En la práctica, esto significa que todos los que están en el poder, con un liderazgo responsable y receptivo, deberían contribuir a alcanzar los objetivos de desarrollo sostenible eliminando las desigualdades. Significa interceder y trabajar de forma efectiva para cambiar los sistemas disfuncionales de manera que el desarrollo económico sea compartido y beneficie especialmente a los pobres. Entonces tendremos que contar con normativas financieras justas, políticas comerciales equitativas, sistemas fiscales nacionales justos, cooperación internacional contra la evasión fiscal, protección social para los más vulnerables y medidas alternativas y más numerosas en pos del progreso socioeconómico. Estas políticas no solo ayudarían a redistribuir los recursos de forma más equitativa, sino que velarían por que “nadie se quedara atrás”. La promoción de la justicia económica también refuerza la comunidad y la cohesión social, allanando el camino para sociedades más armoniosas y pacíficas.
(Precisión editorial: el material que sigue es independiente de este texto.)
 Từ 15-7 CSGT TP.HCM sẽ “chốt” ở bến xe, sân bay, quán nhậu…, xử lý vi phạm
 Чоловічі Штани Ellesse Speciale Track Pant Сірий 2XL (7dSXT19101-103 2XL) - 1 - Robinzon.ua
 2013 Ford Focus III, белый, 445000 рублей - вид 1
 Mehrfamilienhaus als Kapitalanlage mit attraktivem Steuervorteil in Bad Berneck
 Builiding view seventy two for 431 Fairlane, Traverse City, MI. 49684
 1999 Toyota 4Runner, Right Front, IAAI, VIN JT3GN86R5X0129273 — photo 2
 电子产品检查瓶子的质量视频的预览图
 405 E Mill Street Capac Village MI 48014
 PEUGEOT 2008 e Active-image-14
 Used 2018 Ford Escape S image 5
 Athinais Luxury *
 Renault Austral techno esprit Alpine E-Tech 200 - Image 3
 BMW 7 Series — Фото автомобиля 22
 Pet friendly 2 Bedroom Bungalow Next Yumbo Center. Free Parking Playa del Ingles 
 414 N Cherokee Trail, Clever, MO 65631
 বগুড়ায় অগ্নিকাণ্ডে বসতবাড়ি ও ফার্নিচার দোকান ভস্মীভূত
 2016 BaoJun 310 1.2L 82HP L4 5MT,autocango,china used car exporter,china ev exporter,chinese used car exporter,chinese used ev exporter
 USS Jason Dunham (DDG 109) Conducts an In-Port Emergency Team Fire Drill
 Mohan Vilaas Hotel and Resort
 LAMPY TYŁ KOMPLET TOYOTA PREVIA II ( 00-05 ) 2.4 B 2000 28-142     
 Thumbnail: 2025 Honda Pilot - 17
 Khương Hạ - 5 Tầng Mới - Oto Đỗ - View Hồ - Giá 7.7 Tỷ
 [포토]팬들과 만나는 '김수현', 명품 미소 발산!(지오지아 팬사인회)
Hasta cierto punto el Foro Económico Mundial ha tenido un momento para la verdad: la globalización económica ha generado muchos problemas, e incluso conflictos, cuyos efectos sobre “el estado del mundo” es ahora causa de preocupación. Ahora debemos traducir esta visión compartida en cambios sistémicos. Es hora de entender que la justicia debe incluir la justicia económica, y que los líderes empresariales y políticos deben rendir cuentas ante todos, no solo ante sus accionistas y sus votantes. Es hora de que la desigualdad sea una cuestión prioritaria en los programas y en las medidas adoptadas, no solo en los discursos.